From: Avi Kivity on
On 03/16/2010 11:28 AM, Zhang, Yanmin wrote:
> Sorry. I found currently --pid isn't process but a thread (main thread).
>
> Ingo,
>
> Is it possible to support a new parameter or extend --inherit, so 'perf record' and
> 'perf top' could collect data on all threads of a process when the process is running?
>

That seems like a worthwhile addition regardless of this thread.
Profile all current threads and any new ones. It probably makes sense
to call this --pid and rename the existing --pid to --thread.

--
error compiling committee.c: too many arguments to function

--
To unsubscribe from this list: send the line "unsubscribe linux-kernel" in
the body of a message to majordomo(a)vger.kernel.org
More majordomo info at http://vger.kernel.org/majordomo-info.html
Please read the FAQ at http://www.tux.org/lkml/
From: Avi Kivity on
On 03/16/2010 09:48 AM, Zhang, Yanmin wrote:
>
>> Excellent, support for guest kernel != host kernel is critical (I can't
>> remember the last time I ran same kernels).
>>
>> How would we support multiple guests with different kernels?
>>
> With the patch, 'perf kvm report --sort pid" could show
> summary statistics for all guest os instances.
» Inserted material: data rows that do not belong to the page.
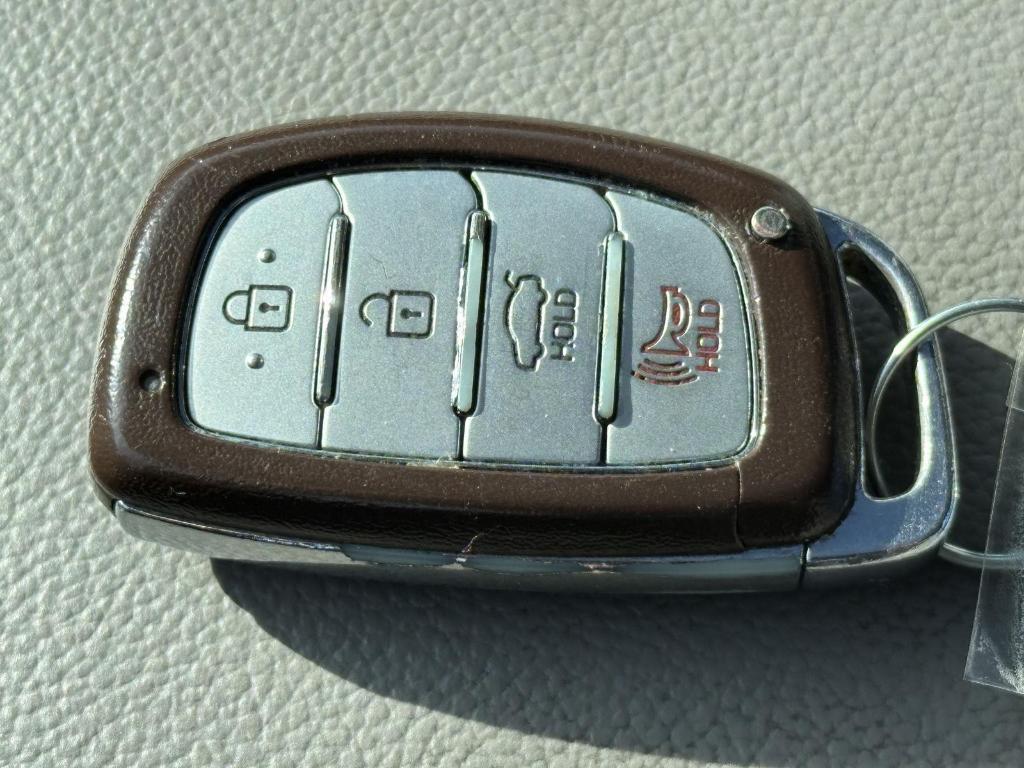 used 2017 Hyundai Elantra car, priced at $16,495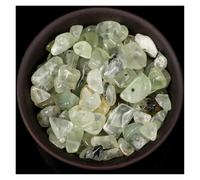 Chips de gravier, pierres irrégulières, améthystes, grenats, perles for la fabrication de bijoux, bracelets, colliers, accessoires(Light Pink,3-5mm 16inches)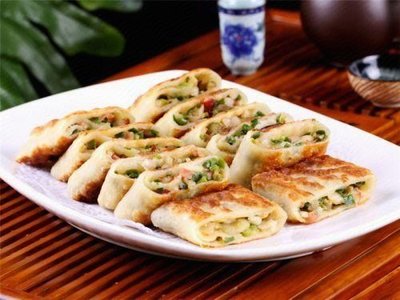 Popular Breakfast (Xiangzhang Road Branch)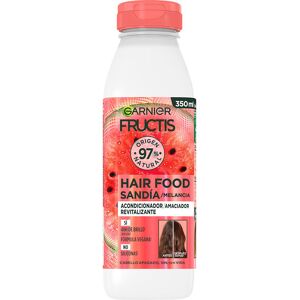Garnier Fructis Hair Food watermelon revitalizing conditioner 350 ml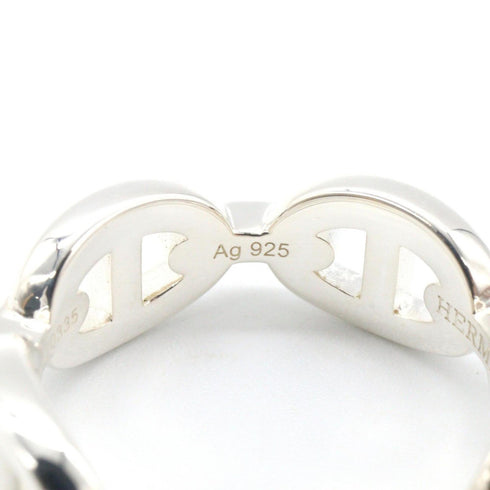 Enchainée Ring Sterling Silver Mini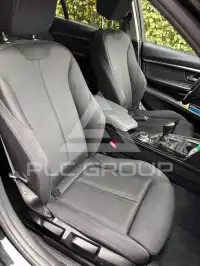 2018 BMW 318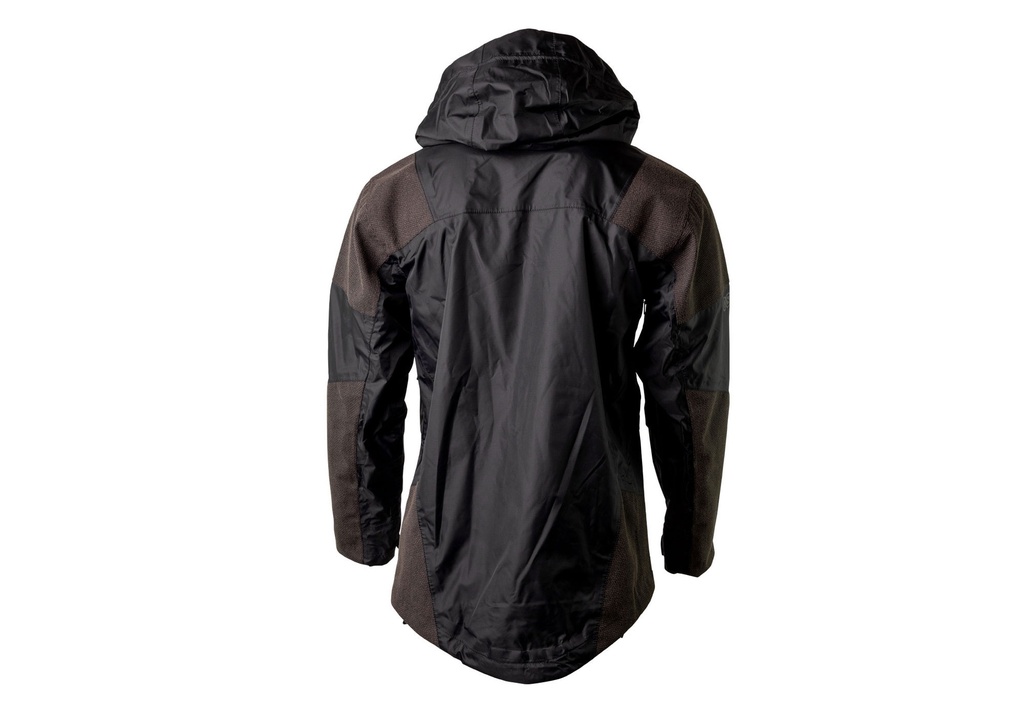 ​Singletrack Jacket Triple Black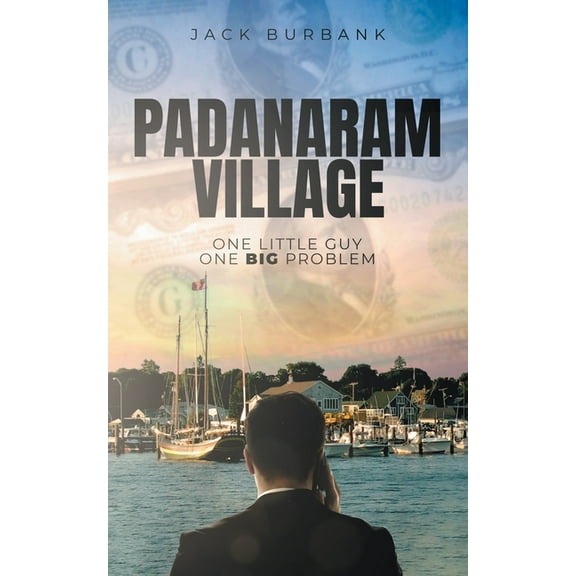 Padanaram Village, (Paperback)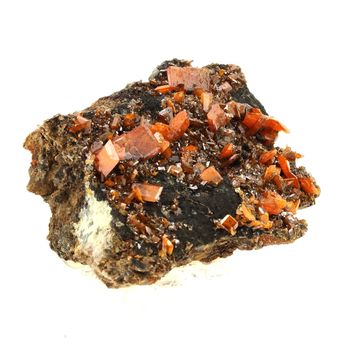 Wulfenite. 798.6 ct.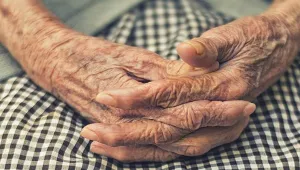 Erkeklerin ömrü kısa değil uzun çıktı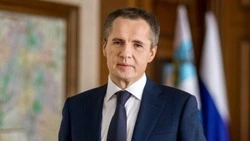 Вячеслав Гладков обратился к белгородцам в День работников автомобильного транспорта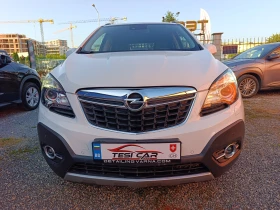Opel Mokka 1.4i 16V Turbo | Auto.bg — изображение 3 Opel Mokka 1.4i 16V Turbo | Auto.bg — изображение 3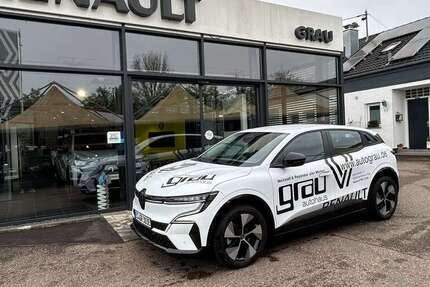 Renault Megane 25.000 km 20.500 &euro; Kirchheim 73230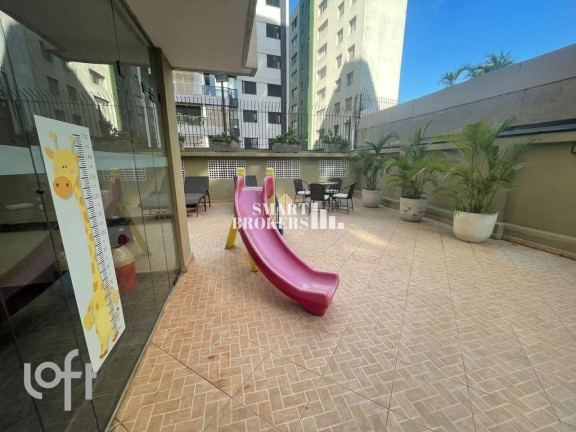 Imagem Apartamento com 2 Quartos à Venda, 93 m² em Vila Mariana - São Paulo Imagem Apartamento com 2 Quartos à Venda, 93 m² em Vila Mariana - São Paulo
Then, use
> parameter --pid of 'perf kvm record' to collect single problematic instance data.
>

That certainly works, though automatic association of guest data with
guest symbols is friendlier.

>>> diff -Nraup linux-2.6_tipmaster0315/arch/x86/kvm/vmx.c linux-2.6_tipmaster0315_perfkvm/arch/x86/kvm/vmx.c
>>> --- linux-2.6_tipmaster0315/arch/x86/kvm/vmx.c 2010-03-16 08:59:11.825295404 +0800
>>> +++ linux-2.6_tipmaster0315_perfkvm/arch/x86/kvm/vmx.c 2010-03-16 09:01:09.976084492 +0800
>>> @@ -26,6 +26,7 @@
>>> #include<linux/sched.h>
>>> #include<linux/moduleparam.h>
>>> #include<linux/ftrace_event.h>
>>> +#include<linux/perf_event.h>
>>> #include "kvm_cache_regs.h"
>>> #include "x86.h"
>>>
>>> @@ -3632,6 +3633,43 @@ static void update_cr8_intercept(struct
>>> vmcs_write32(TPR_THRESHOLD, irr);
>>> }
>>>
>>> +DEFINE_PER_CPU(int, kvm_in_guest) = {0};
>>> +
>>> +static void kvm_set_in_guest(void)
>>> +{
>>> + percpu_write(kvm_in_guest, 1);
>>> +}
>>> +
>>> +static int kvm_is_in_guest(void)
>>> +{
>>> + return percpu_read(kvm_in_guest);
>>> +}
>>>
>>>
>>
>
>> There is already PF_VCPU for this.
>>
> Right, but there is a scope between kvm_guest_enter and really running
> in guest os, where a perf event might overflow. Anyway, the scope is very
> narrow, I will change it to use flag PF_VCPU.
>

There is also a window between setting the flag and calling 'int $2'
where an NMI might happen and be accounted incorrectly.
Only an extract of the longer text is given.